◆ WHAT YOU ARE ASKED TO DO: Beginning with the opening line, restate the following material exactly, up through the line that contains "Household Items-Bath and".

◆ STUDY MATERIAL:
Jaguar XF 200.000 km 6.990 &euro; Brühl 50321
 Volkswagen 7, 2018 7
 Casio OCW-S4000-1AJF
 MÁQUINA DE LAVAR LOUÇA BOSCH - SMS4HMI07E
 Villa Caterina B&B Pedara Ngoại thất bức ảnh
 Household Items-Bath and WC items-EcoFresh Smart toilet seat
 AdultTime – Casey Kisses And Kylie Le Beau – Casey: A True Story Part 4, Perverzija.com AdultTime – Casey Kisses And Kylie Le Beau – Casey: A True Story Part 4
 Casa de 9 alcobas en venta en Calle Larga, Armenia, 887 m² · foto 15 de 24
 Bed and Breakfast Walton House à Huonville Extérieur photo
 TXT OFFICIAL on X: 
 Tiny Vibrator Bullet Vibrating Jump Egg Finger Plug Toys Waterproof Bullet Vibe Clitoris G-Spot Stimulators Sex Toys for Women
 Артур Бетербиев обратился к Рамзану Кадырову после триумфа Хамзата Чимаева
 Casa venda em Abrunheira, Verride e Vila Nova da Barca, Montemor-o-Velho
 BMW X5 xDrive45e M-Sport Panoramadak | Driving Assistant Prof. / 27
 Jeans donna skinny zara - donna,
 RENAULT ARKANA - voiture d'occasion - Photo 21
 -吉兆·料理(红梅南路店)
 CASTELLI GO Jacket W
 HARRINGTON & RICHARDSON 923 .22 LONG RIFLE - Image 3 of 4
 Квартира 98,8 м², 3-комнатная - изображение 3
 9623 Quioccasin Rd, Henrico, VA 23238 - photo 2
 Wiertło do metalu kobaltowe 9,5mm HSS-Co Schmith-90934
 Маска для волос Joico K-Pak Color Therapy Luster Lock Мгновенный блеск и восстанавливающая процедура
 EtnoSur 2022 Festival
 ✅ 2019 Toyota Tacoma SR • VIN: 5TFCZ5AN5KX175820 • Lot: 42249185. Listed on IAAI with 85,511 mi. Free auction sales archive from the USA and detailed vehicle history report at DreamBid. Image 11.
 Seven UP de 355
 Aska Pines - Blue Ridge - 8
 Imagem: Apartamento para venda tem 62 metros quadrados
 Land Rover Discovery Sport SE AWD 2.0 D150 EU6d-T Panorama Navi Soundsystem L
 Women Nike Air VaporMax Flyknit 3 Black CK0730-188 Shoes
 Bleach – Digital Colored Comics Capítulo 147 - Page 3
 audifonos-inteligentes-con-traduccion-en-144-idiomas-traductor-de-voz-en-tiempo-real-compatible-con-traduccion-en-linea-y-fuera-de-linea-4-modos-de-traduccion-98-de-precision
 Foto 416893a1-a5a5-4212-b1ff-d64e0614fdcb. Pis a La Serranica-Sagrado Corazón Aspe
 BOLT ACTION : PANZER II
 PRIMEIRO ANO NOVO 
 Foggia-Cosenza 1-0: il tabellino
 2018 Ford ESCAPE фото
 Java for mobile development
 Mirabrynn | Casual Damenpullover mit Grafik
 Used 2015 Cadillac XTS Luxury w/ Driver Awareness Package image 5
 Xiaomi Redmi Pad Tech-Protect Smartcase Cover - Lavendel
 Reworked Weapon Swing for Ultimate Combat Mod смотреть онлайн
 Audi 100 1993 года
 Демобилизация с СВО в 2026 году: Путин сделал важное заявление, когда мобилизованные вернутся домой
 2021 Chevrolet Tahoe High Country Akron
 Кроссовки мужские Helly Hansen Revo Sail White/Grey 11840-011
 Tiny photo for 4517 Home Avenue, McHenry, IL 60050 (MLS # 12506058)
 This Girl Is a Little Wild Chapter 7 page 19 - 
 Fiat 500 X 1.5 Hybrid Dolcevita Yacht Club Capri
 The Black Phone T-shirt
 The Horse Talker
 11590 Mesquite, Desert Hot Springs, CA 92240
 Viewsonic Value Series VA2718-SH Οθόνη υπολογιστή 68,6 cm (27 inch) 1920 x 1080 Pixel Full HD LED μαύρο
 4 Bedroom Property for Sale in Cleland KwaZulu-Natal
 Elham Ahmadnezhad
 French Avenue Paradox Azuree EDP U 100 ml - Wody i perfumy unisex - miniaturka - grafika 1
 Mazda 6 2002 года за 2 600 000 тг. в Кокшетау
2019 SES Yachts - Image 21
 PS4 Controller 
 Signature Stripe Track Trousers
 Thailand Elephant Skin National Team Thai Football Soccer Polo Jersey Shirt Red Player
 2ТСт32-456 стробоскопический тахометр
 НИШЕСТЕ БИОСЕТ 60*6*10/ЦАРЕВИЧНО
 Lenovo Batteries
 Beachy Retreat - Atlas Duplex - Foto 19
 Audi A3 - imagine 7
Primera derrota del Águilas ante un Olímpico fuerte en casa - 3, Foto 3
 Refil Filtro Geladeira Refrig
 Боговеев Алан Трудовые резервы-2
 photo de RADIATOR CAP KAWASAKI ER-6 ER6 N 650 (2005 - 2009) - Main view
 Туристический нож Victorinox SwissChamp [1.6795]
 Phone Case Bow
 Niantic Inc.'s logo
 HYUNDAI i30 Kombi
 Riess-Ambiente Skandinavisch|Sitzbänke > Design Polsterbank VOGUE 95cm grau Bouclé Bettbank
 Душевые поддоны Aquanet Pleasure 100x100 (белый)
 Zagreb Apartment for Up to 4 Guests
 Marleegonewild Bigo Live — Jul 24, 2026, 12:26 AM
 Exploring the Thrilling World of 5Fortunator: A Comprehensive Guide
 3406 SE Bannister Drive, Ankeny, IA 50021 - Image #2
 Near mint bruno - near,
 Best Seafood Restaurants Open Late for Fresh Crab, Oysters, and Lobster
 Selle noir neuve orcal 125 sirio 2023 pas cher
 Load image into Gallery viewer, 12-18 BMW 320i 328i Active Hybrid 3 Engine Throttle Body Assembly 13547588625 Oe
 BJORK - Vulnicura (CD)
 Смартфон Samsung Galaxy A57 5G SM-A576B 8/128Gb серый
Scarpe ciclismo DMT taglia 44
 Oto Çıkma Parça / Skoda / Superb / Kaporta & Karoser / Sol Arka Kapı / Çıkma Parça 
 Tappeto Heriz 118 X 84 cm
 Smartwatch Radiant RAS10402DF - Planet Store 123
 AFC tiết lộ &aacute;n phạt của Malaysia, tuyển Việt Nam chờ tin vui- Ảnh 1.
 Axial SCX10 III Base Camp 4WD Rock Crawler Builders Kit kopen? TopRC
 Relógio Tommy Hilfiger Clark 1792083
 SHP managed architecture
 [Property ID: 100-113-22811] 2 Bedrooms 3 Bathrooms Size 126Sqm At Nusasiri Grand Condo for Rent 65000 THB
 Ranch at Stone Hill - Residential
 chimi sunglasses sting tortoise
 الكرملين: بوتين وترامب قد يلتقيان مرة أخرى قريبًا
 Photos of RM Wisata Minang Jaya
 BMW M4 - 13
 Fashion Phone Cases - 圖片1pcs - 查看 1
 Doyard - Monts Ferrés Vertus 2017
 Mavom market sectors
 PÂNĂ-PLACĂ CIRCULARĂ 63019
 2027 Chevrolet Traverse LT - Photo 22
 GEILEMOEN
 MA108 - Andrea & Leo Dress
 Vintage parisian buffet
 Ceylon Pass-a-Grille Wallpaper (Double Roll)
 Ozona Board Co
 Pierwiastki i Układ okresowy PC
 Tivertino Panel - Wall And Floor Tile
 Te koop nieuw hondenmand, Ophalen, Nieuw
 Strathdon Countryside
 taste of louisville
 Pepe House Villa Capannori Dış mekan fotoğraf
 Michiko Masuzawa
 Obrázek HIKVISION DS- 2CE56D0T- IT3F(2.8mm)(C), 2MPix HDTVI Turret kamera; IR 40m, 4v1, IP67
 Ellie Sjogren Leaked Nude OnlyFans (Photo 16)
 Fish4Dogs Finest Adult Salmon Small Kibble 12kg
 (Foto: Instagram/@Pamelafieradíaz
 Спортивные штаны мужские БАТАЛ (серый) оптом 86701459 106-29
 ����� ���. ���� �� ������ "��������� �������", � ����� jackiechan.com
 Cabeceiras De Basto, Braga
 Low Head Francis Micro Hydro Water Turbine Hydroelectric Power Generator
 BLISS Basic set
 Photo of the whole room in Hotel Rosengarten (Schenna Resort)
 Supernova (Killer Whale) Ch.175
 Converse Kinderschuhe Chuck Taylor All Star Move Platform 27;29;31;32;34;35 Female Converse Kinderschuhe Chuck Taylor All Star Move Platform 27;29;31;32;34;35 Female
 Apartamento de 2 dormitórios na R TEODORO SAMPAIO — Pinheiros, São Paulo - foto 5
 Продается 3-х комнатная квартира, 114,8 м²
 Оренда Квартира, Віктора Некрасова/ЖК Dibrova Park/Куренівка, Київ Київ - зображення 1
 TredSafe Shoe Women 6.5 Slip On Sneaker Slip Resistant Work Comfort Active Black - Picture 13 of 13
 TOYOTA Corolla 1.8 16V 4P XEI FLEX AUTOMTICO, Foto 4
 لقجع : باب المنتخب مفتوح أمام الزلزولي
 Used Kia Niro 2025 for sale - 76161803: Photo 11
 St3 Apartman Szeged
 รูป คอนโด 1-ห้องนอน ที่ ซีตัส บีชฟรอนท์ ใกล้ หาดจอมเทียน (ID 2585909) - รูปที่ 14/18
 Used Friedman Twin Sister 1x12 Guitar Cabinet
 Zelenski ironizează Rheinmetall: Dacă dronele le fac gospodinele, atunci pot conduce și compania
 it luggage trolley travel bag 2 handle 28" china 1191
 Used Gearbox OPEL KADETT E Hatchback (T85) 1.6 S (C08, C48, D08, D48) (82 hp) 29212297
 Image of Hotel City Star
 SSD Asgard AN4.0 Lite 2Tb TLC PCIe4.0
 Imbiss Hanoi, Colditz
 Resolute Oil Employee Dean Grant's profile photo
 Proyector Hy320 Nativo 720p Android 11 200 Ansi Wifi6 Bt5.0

◆ TASK RESPONSE:
Jaguar XF 200.000 km 6.990 &euro; Brühl 50321
 Volkswagen 7, 2018 7
 Casio OCW-S4000-1AJF
 MÁQUINA DE LAVAR LOUÇA BOSCH - SMS4HMI07E
 Villa Caterina B&B Pedara Ngoại thất bức ảnh
 Household Items-Bath and WC items-EcoFresh Smart toilet seat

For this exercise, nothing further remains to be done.